(Entries taken from a collection)
>>>
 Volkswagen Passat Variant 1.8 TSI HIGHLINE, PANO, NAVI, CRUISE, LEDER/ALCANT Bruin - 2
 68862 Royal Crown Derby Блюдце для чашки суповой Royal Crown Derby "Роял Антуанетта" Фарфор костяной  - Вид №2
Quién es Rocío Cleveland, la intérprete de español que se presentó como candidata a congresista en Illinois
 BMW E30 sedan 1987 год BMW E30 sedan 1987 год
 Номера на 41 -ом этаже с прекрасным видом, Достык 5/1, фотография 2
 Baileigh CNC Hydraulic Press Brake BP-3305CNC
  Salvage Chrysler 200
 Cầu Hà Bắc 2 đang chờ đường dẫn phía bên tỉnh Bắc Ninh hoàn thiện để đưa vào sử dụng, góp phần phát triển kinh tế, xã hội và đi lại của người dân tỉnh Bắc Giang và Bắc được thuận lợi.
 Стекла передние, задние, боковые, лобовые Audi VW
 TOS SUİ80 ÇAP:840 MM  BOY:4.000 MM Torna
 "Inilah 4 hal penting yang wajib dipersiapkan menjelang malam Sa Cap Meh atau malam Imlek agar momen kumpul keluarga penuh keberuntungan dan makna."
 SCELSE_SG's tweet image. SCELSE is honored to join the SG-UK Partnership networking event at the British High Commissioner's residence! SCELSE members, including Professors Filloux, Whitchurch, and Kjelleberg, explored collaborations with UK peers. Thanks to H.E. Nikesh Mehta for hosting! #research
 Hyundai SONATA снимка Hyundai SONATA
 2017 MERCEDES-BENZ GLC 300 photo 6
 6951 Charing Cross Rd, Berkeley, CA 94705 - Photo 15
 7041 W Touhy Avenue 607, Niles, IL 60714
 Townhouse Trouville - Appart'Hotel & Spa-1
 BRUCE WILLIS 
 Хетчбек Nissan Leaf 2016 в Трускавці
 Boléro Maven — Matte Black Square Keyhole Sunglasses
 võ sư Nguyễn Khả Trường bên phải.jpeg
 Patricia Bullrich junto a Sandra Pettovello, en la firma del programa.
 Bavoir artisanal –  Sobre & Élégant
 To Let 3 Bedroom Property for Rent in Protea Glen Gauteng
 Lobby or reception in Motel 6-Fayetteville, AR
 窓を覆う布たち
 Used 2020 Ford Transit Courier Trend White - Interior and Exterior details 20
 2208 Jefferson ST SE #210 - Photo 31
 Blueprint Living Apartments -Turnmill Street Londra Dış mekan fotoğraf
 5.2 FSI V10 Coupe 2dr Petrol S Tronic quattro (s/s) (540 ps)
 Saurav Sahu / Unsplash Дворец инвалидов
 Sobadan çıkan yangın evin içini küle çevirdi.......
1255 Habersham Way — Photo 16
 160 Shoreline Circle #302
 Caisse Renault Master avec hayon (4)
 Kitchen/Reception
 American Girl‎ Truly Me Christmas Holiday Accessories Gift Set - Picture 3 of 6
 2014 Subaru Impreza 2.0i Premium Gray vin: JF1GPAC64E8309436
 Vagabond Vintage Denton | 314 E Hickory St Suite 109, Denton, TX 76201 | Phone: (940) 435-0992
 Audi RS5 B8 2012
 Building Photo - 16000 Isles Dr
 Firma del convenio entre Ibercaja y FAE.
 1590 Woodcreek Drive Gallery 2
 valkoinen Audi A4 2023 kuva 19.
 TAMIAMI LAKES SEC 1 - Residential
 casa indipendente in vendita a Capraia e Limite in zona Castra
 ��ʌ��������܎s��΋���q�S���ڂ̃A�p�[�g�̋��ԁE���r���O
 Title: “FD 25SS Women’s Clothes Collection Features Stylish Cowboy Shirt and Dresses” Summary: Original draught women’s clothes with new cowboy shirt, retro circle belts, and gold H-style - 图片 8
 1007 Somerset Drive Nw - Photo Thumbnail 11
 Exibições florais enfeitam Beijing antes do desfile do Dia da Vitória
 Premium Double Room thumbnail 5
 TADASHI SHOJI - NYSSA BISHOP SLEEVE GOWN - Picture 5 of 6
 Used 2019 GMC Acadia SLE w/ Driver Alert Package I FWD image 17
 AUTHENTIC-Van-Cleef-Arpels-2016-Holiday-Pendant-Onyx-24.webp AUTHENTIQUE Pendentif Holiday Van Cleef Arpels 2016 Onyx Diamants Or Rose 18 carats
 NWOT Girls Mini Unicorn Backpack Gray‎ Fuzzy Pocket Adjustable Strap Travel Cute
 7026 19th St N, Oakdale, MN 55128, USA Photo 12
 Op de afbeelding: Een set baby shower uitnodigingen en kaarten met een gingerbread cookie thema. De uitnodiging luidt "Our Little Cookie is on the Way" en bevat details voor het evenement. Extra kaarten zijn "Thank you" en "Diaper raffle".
<<<
§ **WHAT YOU SHOULD DO**
Transcribe the lines above between the line holding "võ sư Nguyễn Khả Trường bên phải.jpeg" and the line holding "American Girl‎ Truly", inclusive, exactly as they stand and with nothing added.

§ **WRITTEN REPLY**
 võ sư Nguyễn Khả Trường bên phải.jpeg
 Patricia Bullrich junto a Sandra Pettovello, en la firma del programa.
 Bavoir artisanal –  Sobre & Élégant
 To Let 3 Bedroom Property for Rent in Protea Glen Gauteng
 Lobby or reception in Motel 6-Fayetteville, AR
 窓を覆う布たち
 Used 2020 Ford Transit Courier Trend White - Interior and Exterior details 20
 2208 Jefferson ST SE #210 - Photo 31
 Blueprint Living Apartments -Turnmill Street Londra Dış mekan fotoğraf
 5.2 FSI V10 Coupe 2dr Petrol S Tronic quattro (s/s) (540 ps)
 Saurav Sahu / Unsplash Дворец инвалидов
 Sobadan çıkan yangın evin içini küle çevirdi.......
1255 Habersham Way — Photo 16
 160 Shoreline Circle #302
 Caisse Renault Master avec hayon (4)
 Kitchen/Reception
 American Girl‎ Truly Me Christmas Holiday Accessories Gift Set - Picture 3 of 6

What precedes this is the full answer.